(Data for this exercise begins)

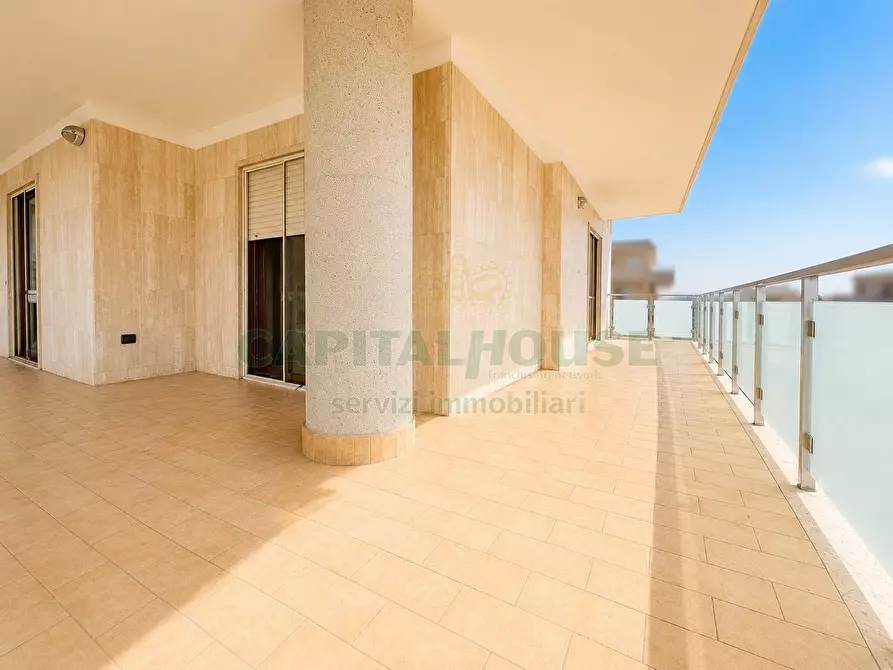 Immagine 20 di Appartamento in vendita  in BAR ZOE a San Prisco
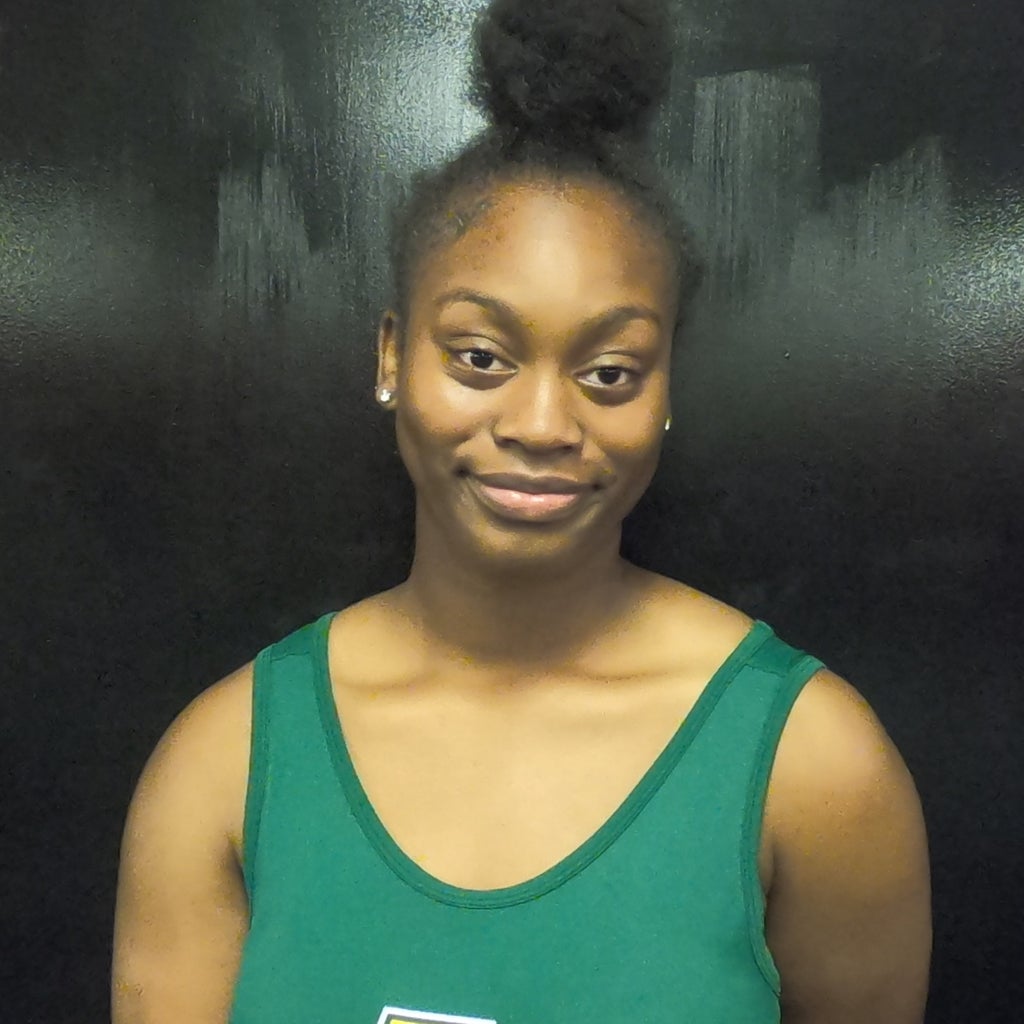 Liyah Ragland mugshot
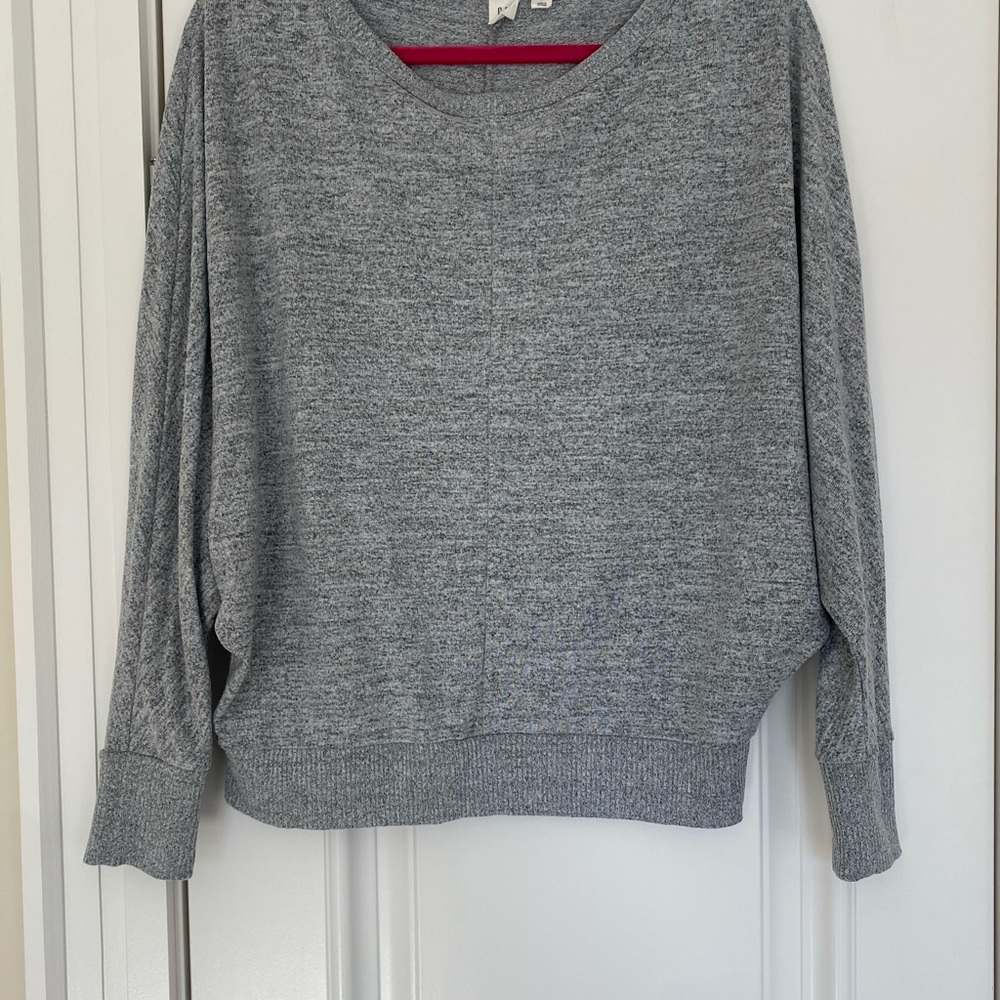 Gap comfy soft spin lounge wear.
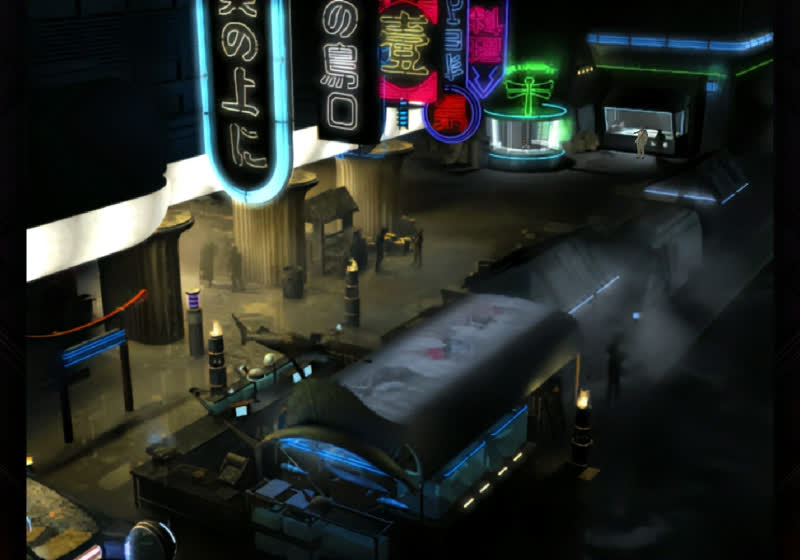 Remastered Blade Runner game available today on PC and consoles TechSpot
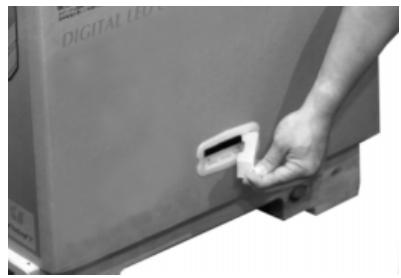 OKI C7200N - Déballez - 1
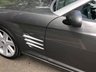 USED 2004 04 CHRYSLER CROSSFIRE 3.2 V6 2d 215 BHP 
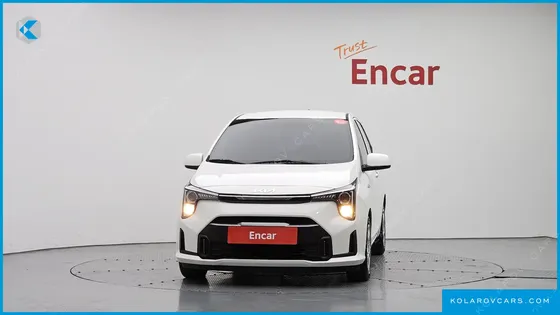 KIA MORNING (PICANTO) TRENDY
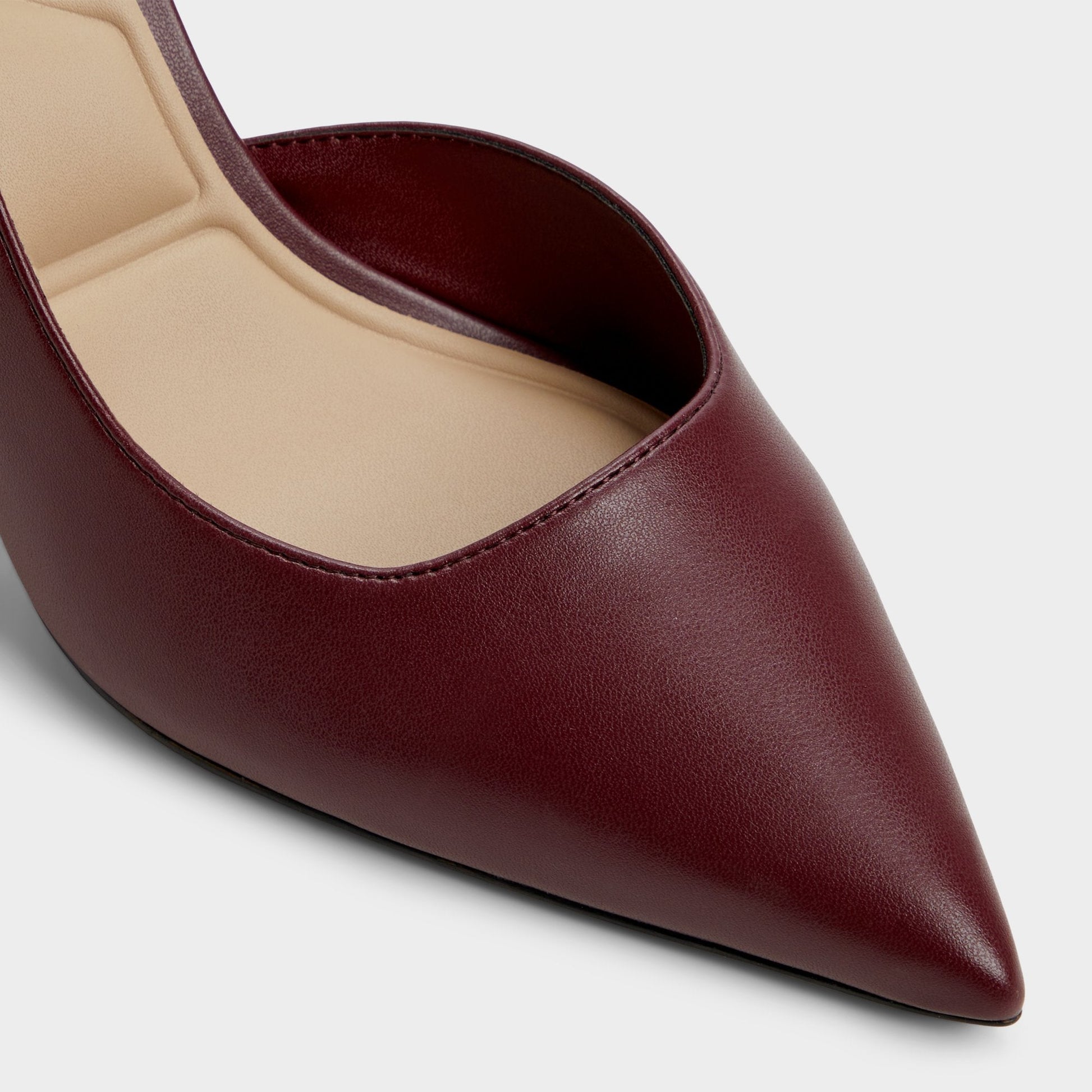 Livianna Other Red Women's Pumps - Pump, Stiletto heel Aldo Other Red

(Data for this exercise ends)

Your instructions: The lines to restate word for word run from the line that contains "Liyah Ragland mugshot" through the end of the entries above, both ends included. Leave out all pictures and write nothing else.

Response for this exercise:
 Liyah Ragland mugshot
 Gap comfy soft spin lounge wear.
 Remastered Blade Runner game available today on PC and consoles TechSpot
 OKI C7200N - Déballez - 1
 USED 2004 04 CHRYSLER CROSSFIRE 3.2 V6 2d 215 BHP 
 KIA MORNING (PICANTO) TRENDY
 Livianna Other Red Women's Pumps - Pump, Stiletto heel Aldo Other Red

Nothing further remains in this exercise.